# EXERCISE PROMPT:
The answer must restate the listing word for word, without its images.

# STORED DATA:
================================

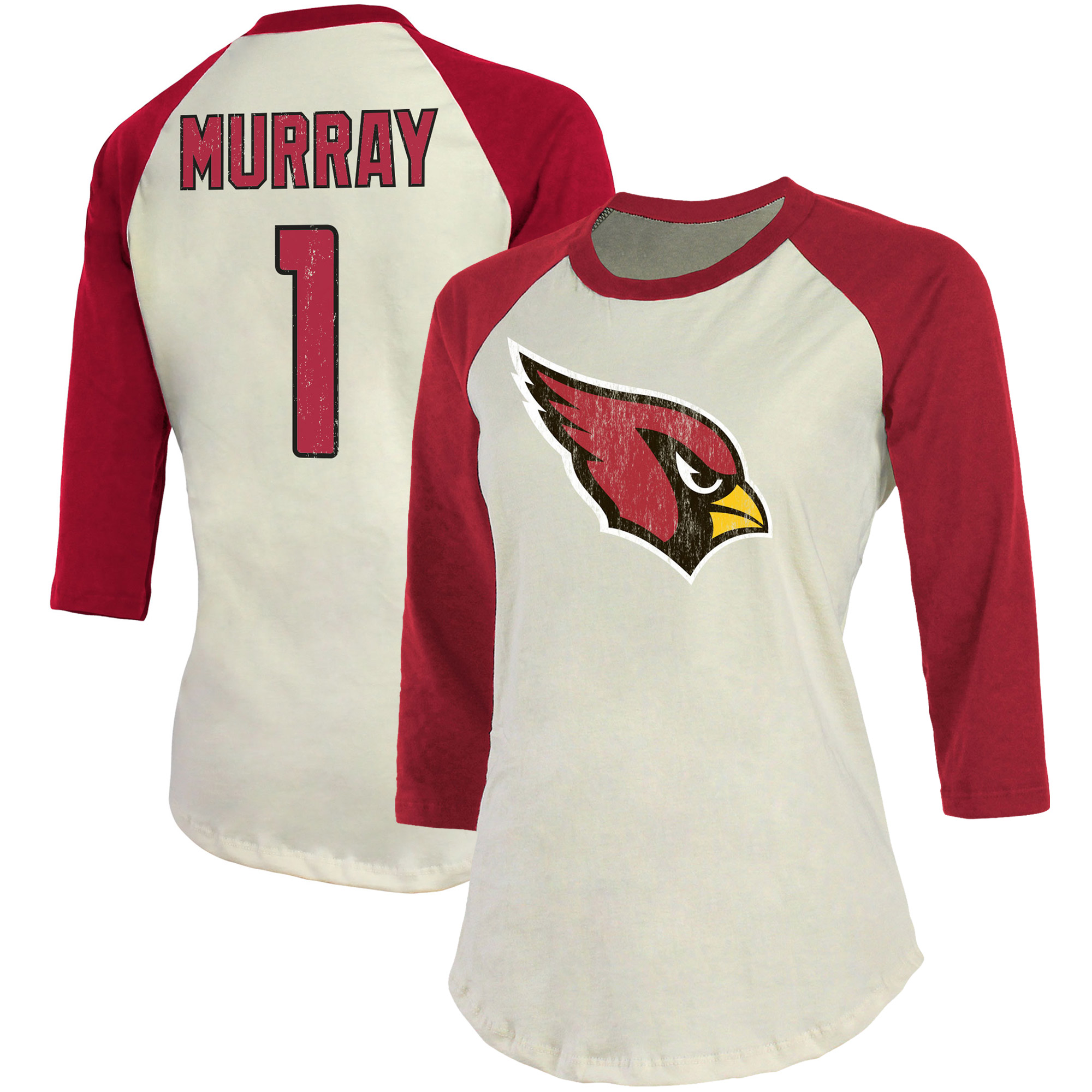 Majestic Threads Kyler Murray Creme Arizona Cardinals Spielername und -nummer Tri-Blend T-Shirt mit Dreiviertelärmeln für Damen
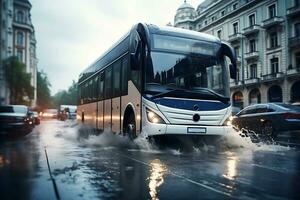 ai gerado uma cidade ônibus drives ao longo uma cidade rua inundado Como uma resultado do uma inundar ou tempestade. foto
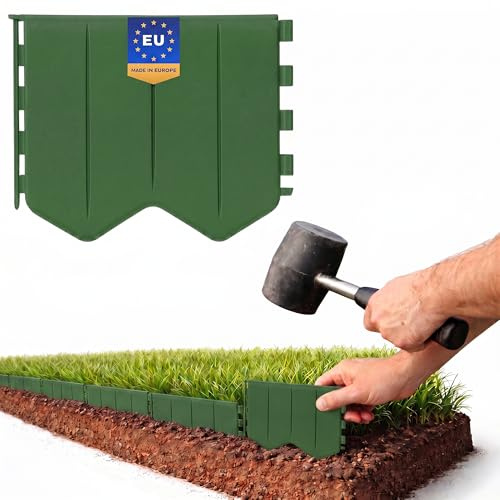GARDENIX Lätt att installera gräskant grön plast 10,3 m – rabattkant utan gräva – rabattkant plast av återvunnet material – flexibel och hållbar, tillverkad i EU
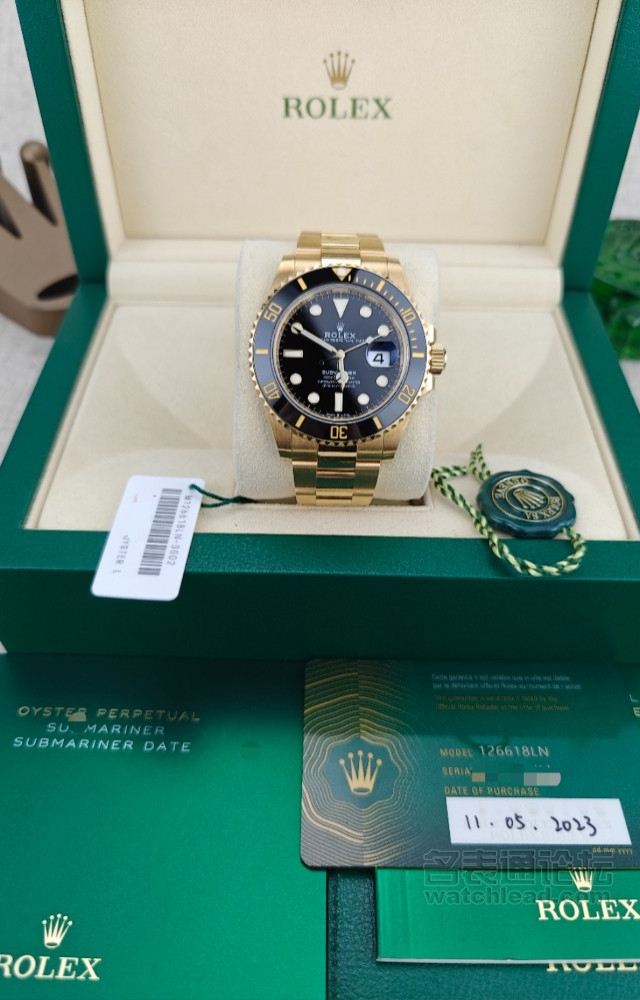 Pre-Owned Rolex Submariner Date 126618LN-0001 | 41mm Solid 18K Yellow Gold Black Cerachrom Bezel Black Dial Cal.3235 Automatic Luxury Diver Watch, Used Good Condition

================================

# TASK RESULT:
 Majestic Threads Kyler Murray Creme Arizona Cardinals Spielername und -nummer Tri-Blend T-Shirt mit Dreiviertelärmeln für Damen
 ai gerado uma cidade ônibus drives ao longo uma cidade rua inundado Como uma resultado do uma inundar ou tempestade. foto
GARDENIX Lätt att installera gräskant grön plast 10,3 m – rabattkant utan gräva – rabattkant plast av återvunnet material – flexibel och hållbar, tillverkad i EU
 Pre-Owned Rolex Submariner Date 126618LN-0001 | 41mm Solid 18K Yellow Gold Black Cerachrom Bezel Black Dial Cal.3235 Automatic Luxury Diver Watch, Used Good Condition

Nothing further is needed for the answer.